He had reason to get angry when he felt abandoned, she said.

Chapdelaine was 3 years old when a question about his paternity split up his parents. He and his brother were placed in foster care, she said. At some point his father returned to picked up his brother but left him behind.

From the age of 7, he was raised by foster parents.

That might explain why Chapdelaine would risk his liberty if he couldn't see his children. "He loved his kids. His daughter is devastated by this," Carl said.

Chapdelaine, who attended South Catholic High School and earned a GED in 1991, was no stranger to Hartford-area police. His record of at least a dozen convictions, mostly on family-violence related offenses and probation violations, dates to 1986.

But he seemed to settle down in the mid-1990s and earned a reputation as a reliable appliance delivery man, first at Sears, then at Bernie's.

Still, Spears said, when the polite, soft-spoken, hard-working man drank, he could get loud and nasty.

His troubles, his attorneys say, picked up in 2005 when he and his daughter's mother, Helen Ramirez, split up. At the time, he was living in a house in East Hartford, which he sold that October.

"Ramirez didn't want Chapdelaine to go to jail, but she wanted to be left alone," said Spears, who saw his client arrested four times over a five-month period, beginning in June.

At the time, he and Ramirez were battling in Superior Court over child support, with each party ordered to stay away from the other.

Chapdelaine found himself caught between violating a criminal restraining order and seeing his daughter. He chose the latter. Both he and Ramirez violated the "no contact" order when they met in the parking lot of the Food Bag in Wethersfield, where he picked up his daughter. When he returned the girl to her home, in April 2006, a Wethersfield police officer arrested him for violating the restraining order.

As Chapdelaine was being booked, his cellphone rang, according to the police officer's report. Ramirez was on the phone trying to arrange another visit for their daughter. Chapdelaine handed the phone to the officer, who warned Ramirez that the no-contact order also applied to her. She then became argumentative, telling the officer "when it came to her daughter she didn't care what the order said," according to the officer's report.

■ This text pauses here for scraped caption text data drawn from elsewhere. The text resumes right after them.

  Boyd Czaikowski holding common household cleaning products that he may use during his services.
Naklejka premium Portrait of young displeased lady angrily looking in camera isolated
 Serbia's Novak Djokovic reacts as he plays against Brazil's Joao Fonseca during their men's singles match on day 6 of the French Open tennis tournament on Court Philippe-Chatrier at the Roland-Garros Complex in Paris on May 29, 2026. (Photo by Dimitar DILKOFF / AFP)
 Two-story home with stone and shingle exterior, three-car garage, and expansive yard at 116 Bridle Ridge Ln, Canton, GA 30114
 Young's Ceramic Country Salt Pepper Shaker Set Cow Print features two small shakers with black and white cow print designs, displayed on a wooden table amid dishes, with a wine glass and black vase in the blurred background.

Last year Chapdelaine was facing prison when he met Hartford attorney William Horan, whom he had hired after firing Spears. He had violated his probation four times in Hartford and Wethersfield, and his cases were consolidated at Superior Court in New Britain.

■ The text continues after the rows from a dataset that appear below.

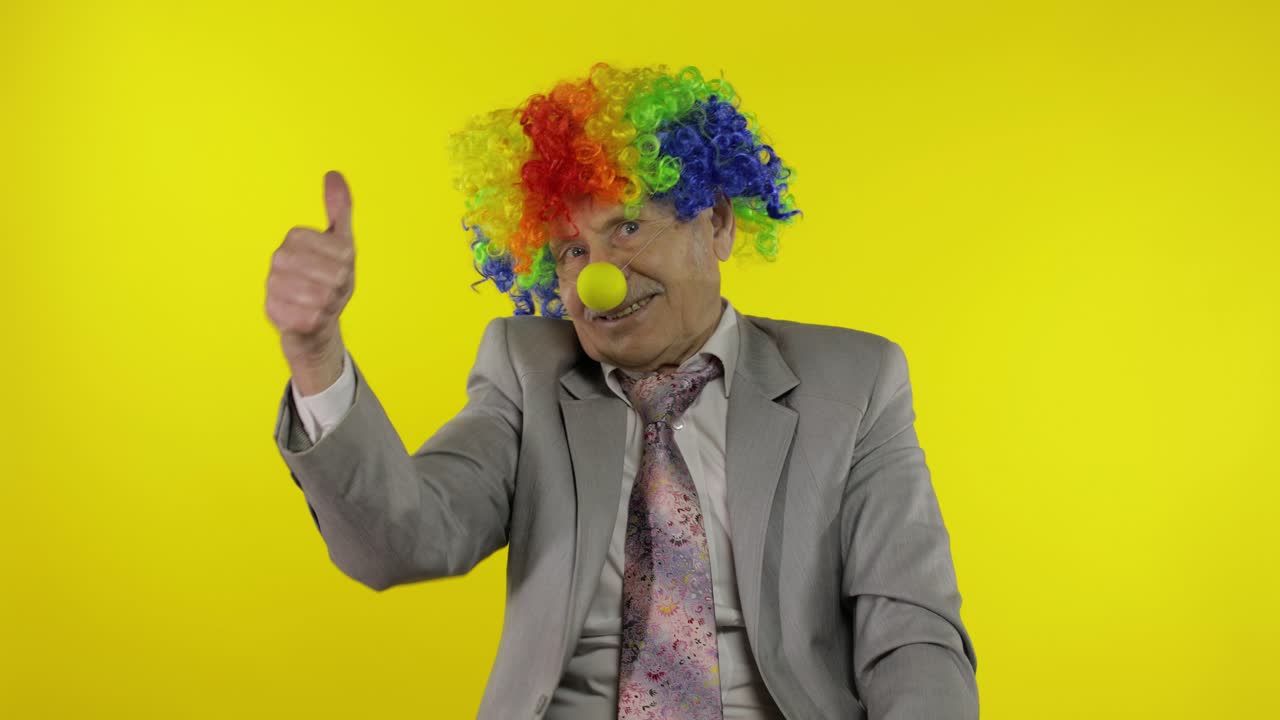 anciano payaso hombre de negocios independiente en peluca muestra el pulgar hacia arriba. halloween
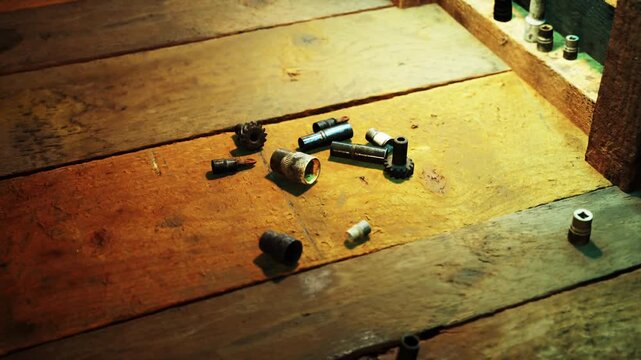 Scattered mechanical parts rest on a distressed wooden floor. Warm light highlights their various shapes, creating intriguing shadows and textures in the surroundings.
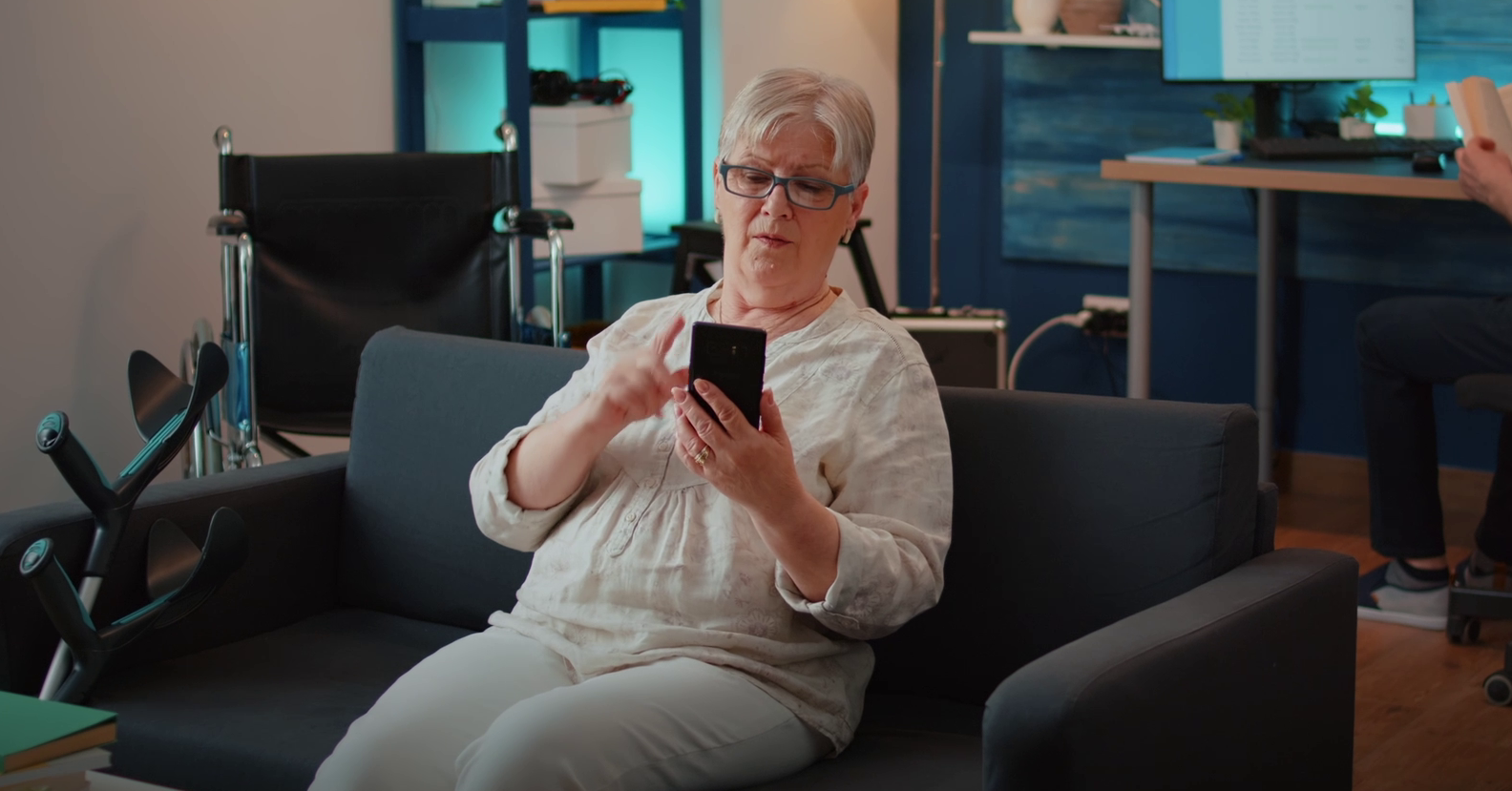 Elder woman checking her mobile phone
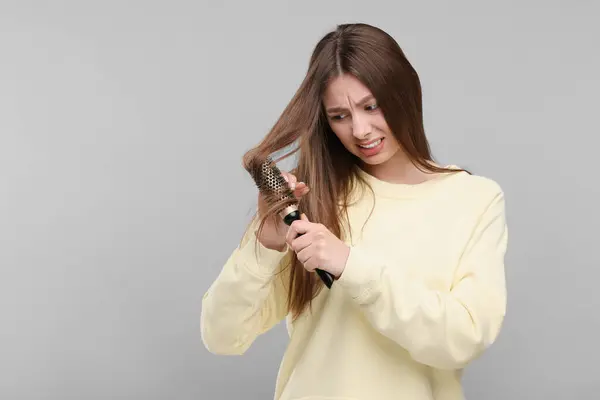 Femme Bouleversée Brossant Les Cheveux Sur Fond Gris Espace Pour — Photo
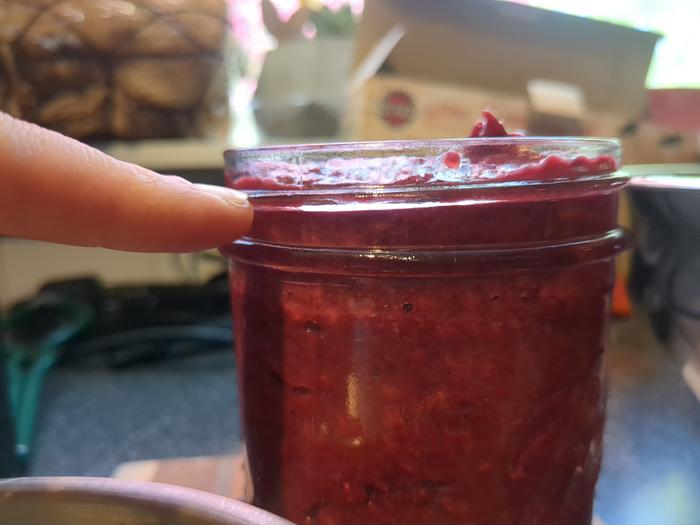 Filled up to the highest bump on the jar.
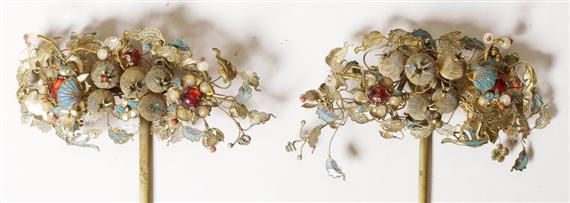 Appraisal: A PAIR OF SILVER HAIR NEEDLES WITH FRUIT MOTIF China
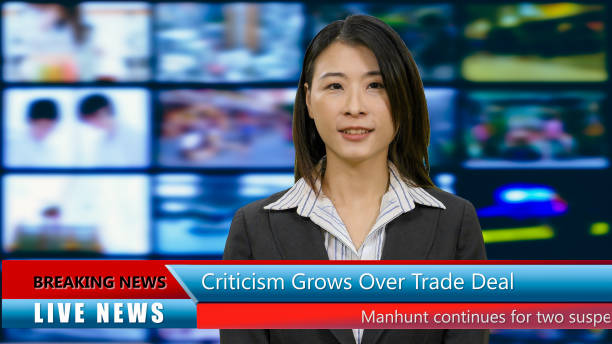 istock Asian American anchorwoman with lower thirds 967921388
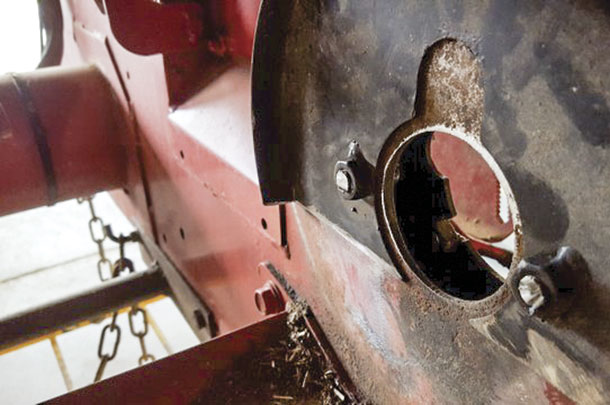 Temporarily bolt the cut anti-wrap shields to the sledge frame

"It didn't take much to get him violated [status]," Horan said. "I thought the cases themselves were pretty weak."

Horan negotiated a deal with prosecutors: 90 days in prison and three years of probation. Chapdelaine rejected that deal, fired Horan and returned to Spears.

Horan never saw Chapdelaine as a possible killer. He was the guy who politely fired him over the telephone. He said he had to read the newspaper story about his death three times because he couldn't believe it was the man he affectionately called "Chappy."

THE YOUNG WOMAN

After selling his East Hartford home, Chapdelaine moved to Bolton Street, where he began a relationship with Williams, the daughter of his neighbor, feisty and young enough to be his own daughter.

Unlike Ramirez, Williams hit back when Chapdelaine lashed out at her.

"He felt the girl was battling him, and he would get in trouble when he fought back," a source said.

They had been dating for five months in December 2006 when, during an argument, he threw a lit cigarette at Williams and she threw it back. "She became enraged. He became enraged and hit her in the face and neck," the police record says.

After that incident, Chapdelaine was convicted and sentenced in the criminal cases involving Ramirez.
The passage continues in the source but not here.